Data for this task =
----

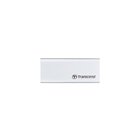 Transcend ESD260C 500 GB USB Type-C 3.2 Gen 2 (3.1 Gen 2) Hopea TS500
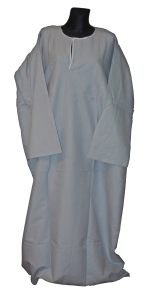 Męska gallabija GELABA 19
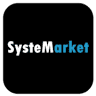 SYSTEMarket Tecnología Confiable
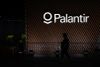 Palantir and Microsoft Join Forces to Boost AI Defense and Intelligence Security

----

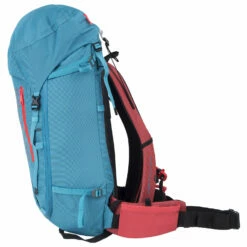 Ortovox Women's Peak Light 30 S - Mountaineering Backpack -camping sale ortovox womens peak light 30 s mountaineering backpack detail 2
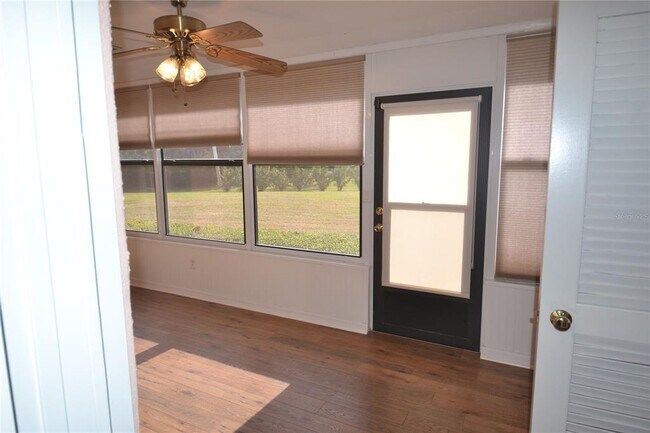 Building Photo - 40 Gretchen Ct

----

Work item =
Starting from the line with "Transcend ESD260C 500" in the records above, repeat each line exactly until you have written the line with "Palantir and Microsoft", then stop; drop the pictures.

Exercise answer =
 Transcend ESD260C 500 GB USB Type-C 3.2 Gen 2 (3.1 Gen 2) Hopea TS500
 Męska gallabija GELABA 19
 SYSTEMarket Tecnología Confiable
 Palantir and Microsoft Join Forces to Boost AI Defense and Intelligence Security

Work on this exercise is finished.